Avigdor Lieberman has been painted as an extremist and a serious liability for Netanyahu, and it is true that Lieberman is a controversial figure, J. E. Dyer adds:
But what Lieberman has been doing since assuming office is working on one of Israel’s greatest security concerns: isolation. Lieberman has been the principal actor in Israel’s charm offensive with Russia, China, Europe, and now Latin America, with the agenda of strengthening relations and obtaining broad cooperation in discouraging Iran’s development of nuclear weapons.

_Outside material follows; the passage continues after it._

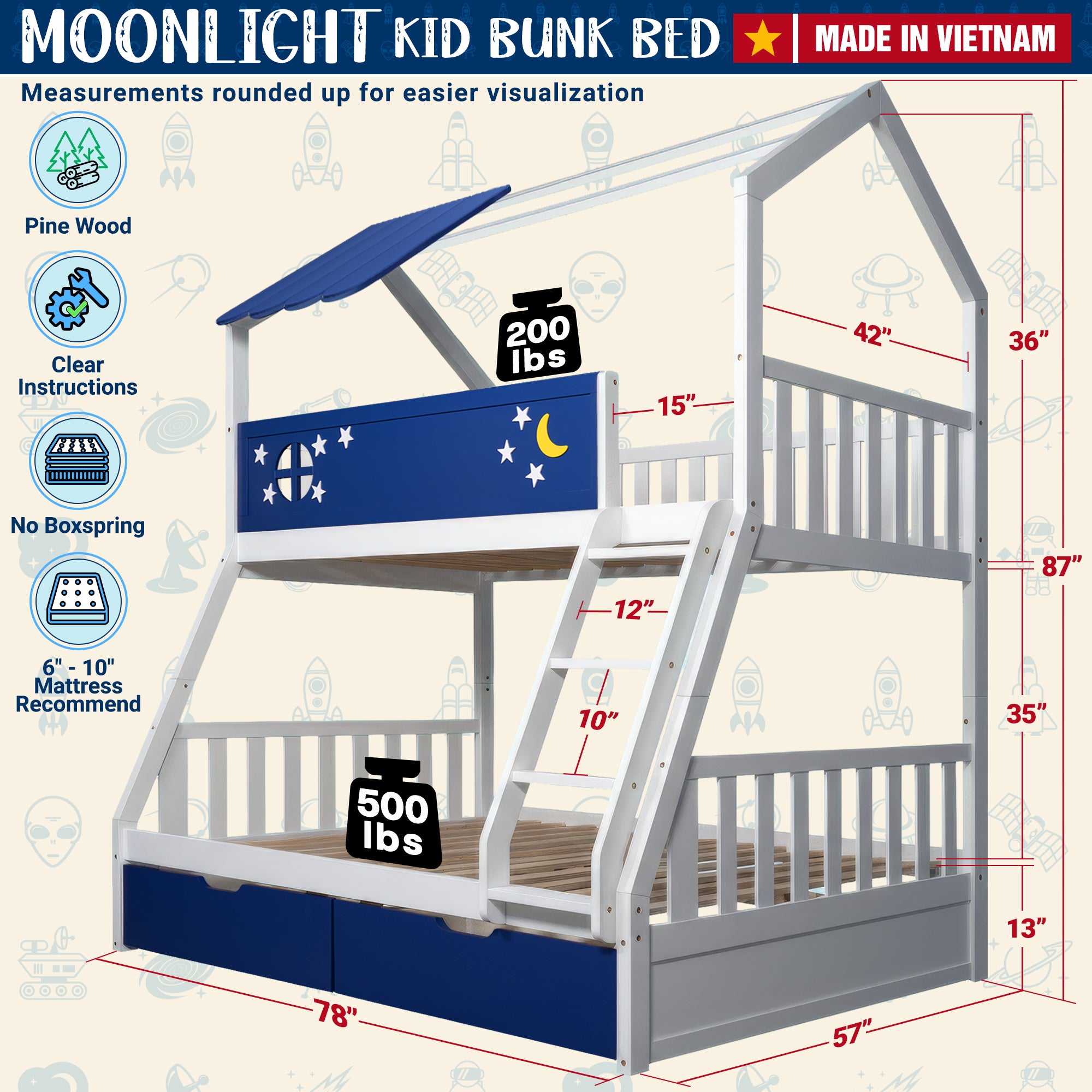 Moonlight Kid Bunk Bed - Stylish and Space-Saving Bunk Bed for Kids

Lieberman’s native Russian ties give him, it has been postulated, an edge in discussions with Moscow — an analysis that highlights the growing importance to Israel of leverage and goodwill beyond the relationship with the U.S. The trip to Latin America this month represents even more clearly a new policy direction, being the first such visit by an Israeli foreign minister in more than two decades. Netanyahu is scheduled for a visit of his own in November, an even rarer event. Israel’s hope is not only to strengthen ties with regional governments and get cooperation against Iran but also to counter Iran’s own extensive inroads into Latin America.

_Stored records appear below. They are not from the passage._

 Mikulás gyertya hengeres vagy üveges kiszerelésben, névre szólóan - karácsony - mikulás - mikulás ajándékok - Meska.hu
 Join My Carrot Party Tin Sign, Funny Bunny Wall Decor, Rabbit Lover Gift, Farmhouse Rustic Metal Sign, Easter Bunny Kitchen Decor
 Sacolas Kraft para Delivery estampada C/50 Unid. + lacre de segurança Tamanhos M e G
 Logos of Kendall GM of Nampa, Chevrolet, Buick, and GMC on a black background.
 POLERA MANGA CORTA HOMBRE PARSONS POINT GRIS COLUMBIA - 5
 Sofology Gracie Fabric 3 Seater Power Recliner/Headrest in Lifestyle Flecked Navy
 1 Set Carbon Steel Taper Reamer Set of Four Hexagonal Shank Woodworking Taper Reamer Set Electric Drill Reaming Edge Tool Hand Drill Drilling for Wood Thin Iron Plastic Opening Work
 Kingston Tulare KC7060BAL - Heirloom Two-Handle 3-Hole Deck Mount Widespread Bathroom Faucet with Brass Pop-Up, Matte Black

The latter initiative is emblematic of a U.S.-independent tone emerging in Israel’s foreign policy. Lieberman’s visit to Russia carried such hints as well, producing an emphasis on a common view with Sergei Lavrov regarding the regional dynamics of the Israeli-Palestinian conflict and the need to bring the Saudis and other regional nations into any peace plan.
Analysts who draw their conclusions from a “weak Bibi” perspective — one that assumes Netanyahu must live with Lieberman and not let him do too much — could be missing a more important trend. Lieberman may not be the go-to man for relations with the United States while those relations center on demands regarding the settlements. But Israel cannot allow the settlements issue to bog down its own broader security policy. And Israel’s spearheading of efforts outside the U.S. relationship appears to be accomplished via Lieberman.

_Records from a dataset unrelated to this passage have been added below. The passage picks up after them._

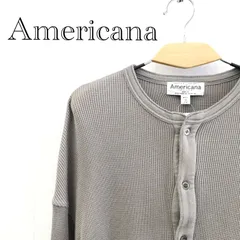 Americana アメリカーナ ワッフル ヘンリーネック ベージュ フリー カットソー ロンT レディース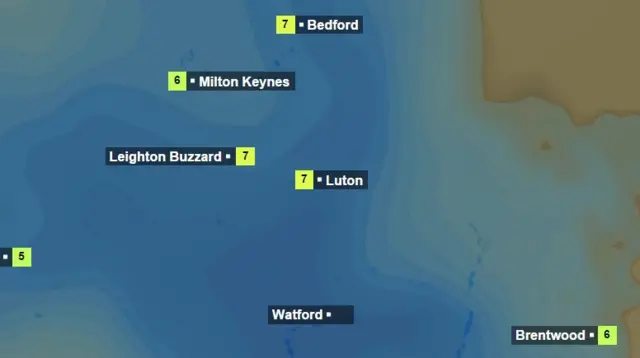 Weather graphic shows heavy rain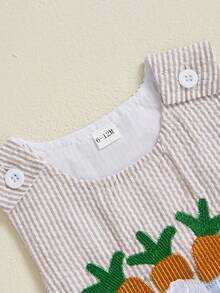 Mono de Pascua para bebés niños, informal, con estampado de rayas, zanahoria, camión bordado, sin mangas, ropa bonita - Caqui - Ver 7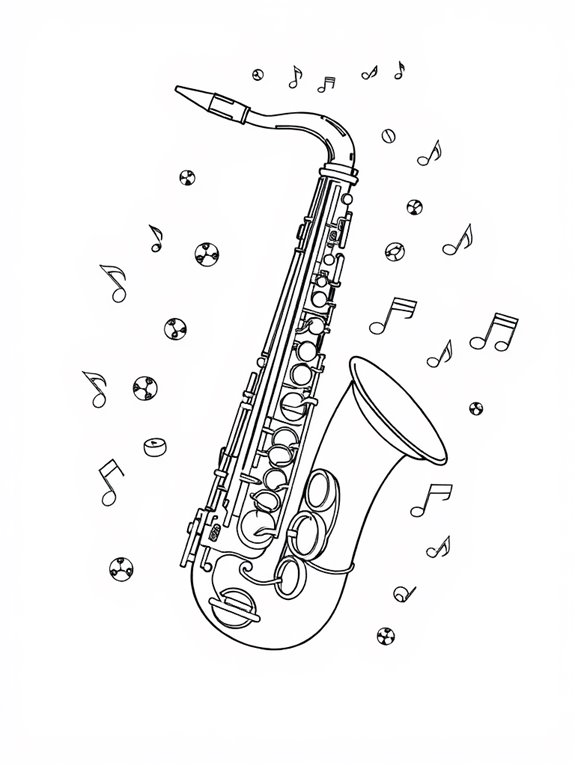 saxophone illustration for coloring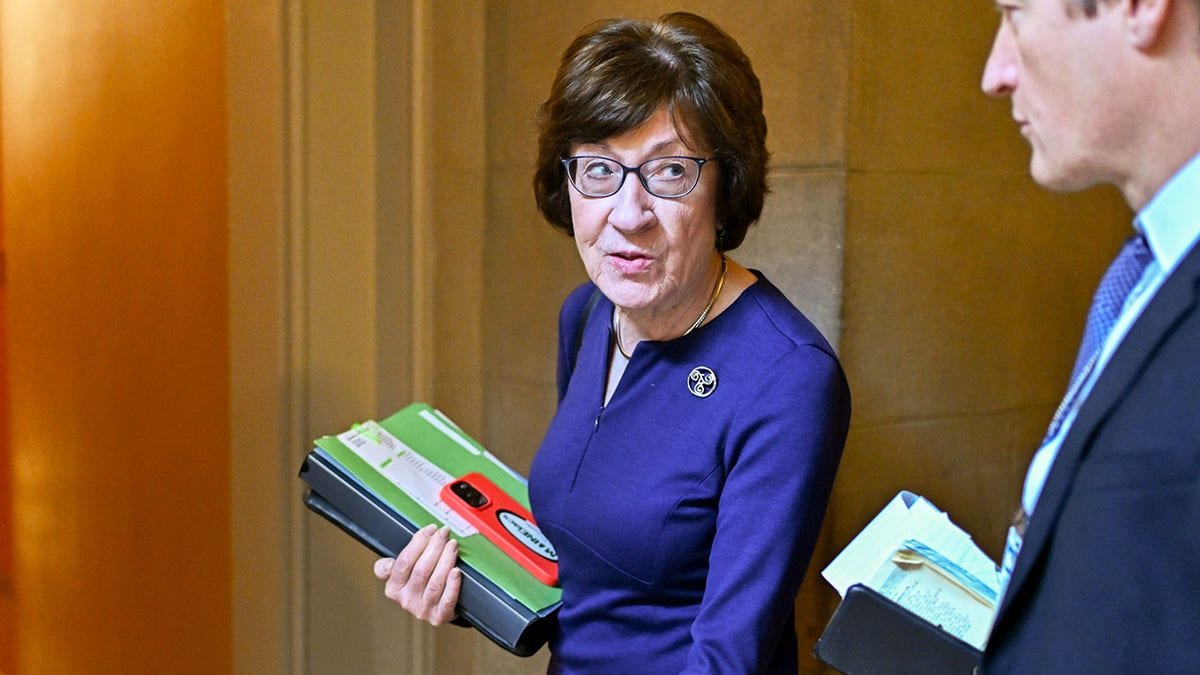 Sen. Susan Collins speaking at the US Capitol in Washington, D.C.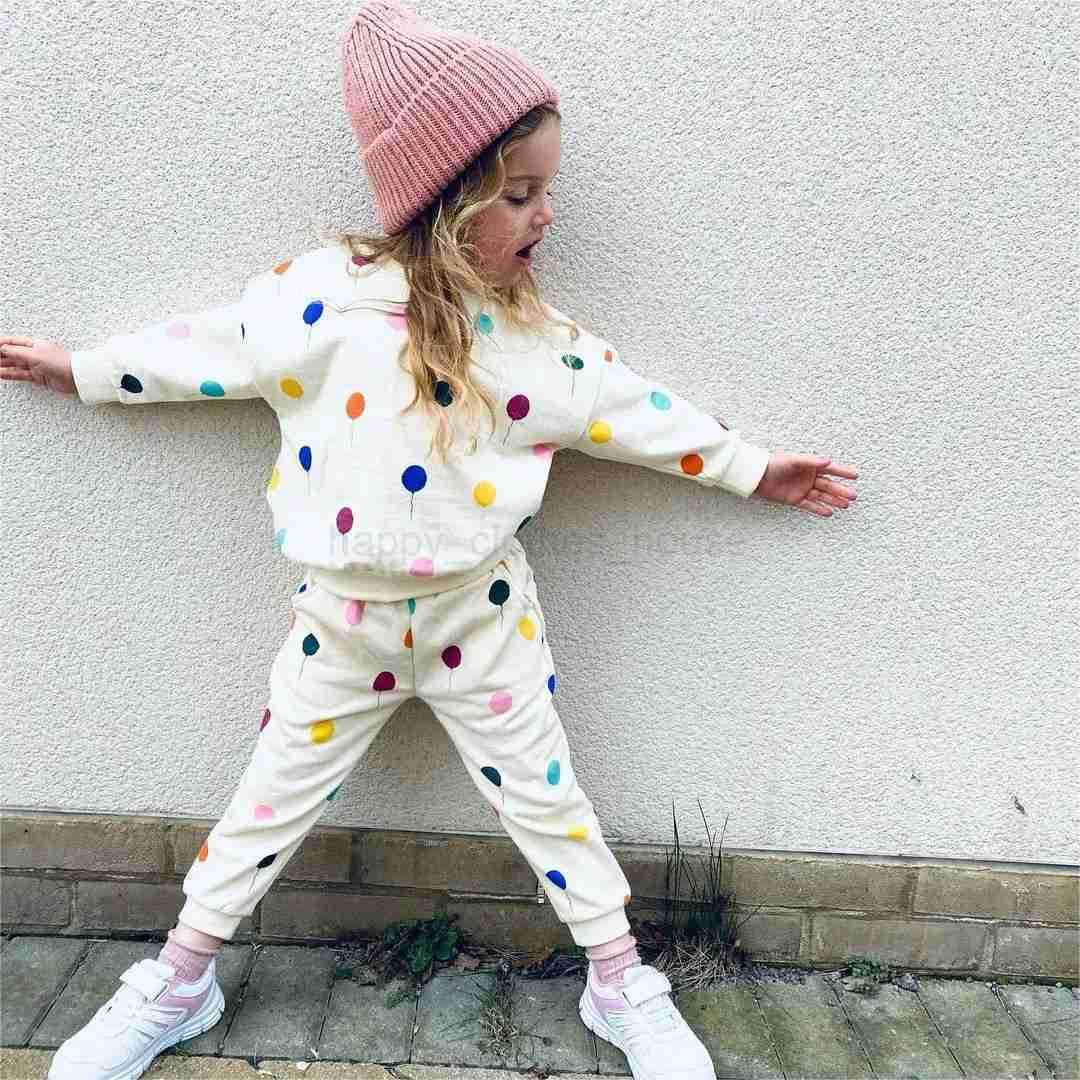 Newborn Spring Autumn Clothing Baby Full Children Boys Balloon Print Kid Girls Long Sleeve Pants Two Piece SetXJ241205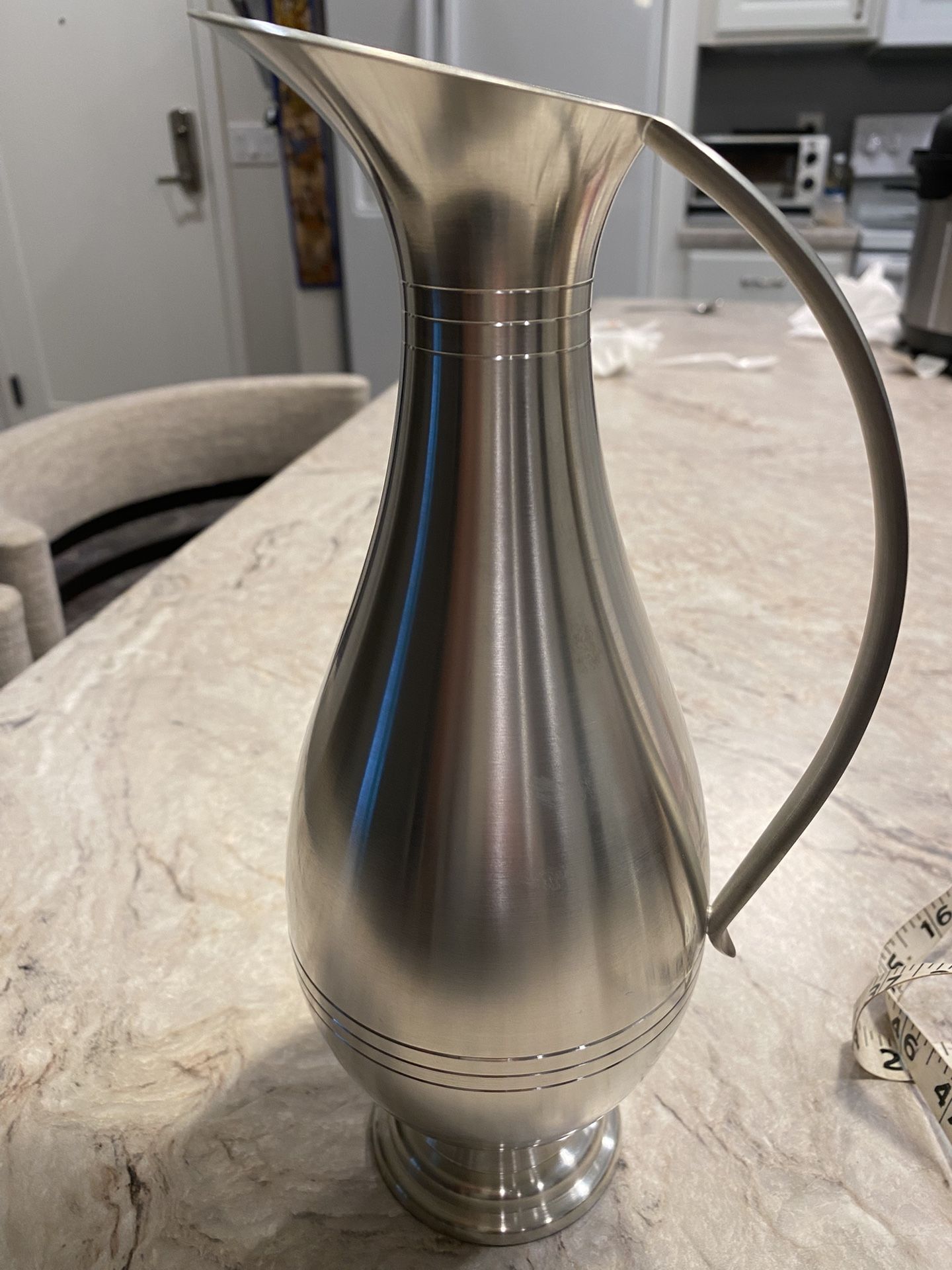 Pewter Jug 11” Tall 4” Dia At Bottom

Apparently is sort of Israel's version of Joe Biden--without the gaffes.
The very feature that makes Lieberman distasteful to many Westerners — his power-affirming nationalism — may make him more respected and, frankly, understandable in other parts of the world, especially in places like Russia and Latin America, where strongmen are respected rather than reviled. There is something ingenious about Netanyahu’s deployment of his foreign policy assets, from his assignment of Lieberman to places where he is most likely to be respected and his positioning of Michael Oren (disclosure: friend, former Shalem Center colleague, and fellow Commentary contributor) as ambassador to the U.S., to his own rallying of Israeli public support against Obama’s firm stance on settlements.